**Information shown**
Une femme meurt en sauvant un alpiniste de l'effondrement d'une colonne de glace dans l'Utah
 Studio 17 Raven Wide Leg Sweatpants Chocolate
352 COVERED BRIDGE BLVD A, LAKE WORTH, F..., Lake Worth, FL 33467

**Exercise description**
All of the data shown above must be copied exactly.

**Written solution**
Une femme meurt en sauvant un alpiniste de l'effondrement d'une colonne de glace dans l'Utah
 Studio 17 Raven Wide Leg Sweatpants Chocolate
352 COVERED BRIDGE BLVD A, LAKE WORTH, F..., Lake Worth, FL 33467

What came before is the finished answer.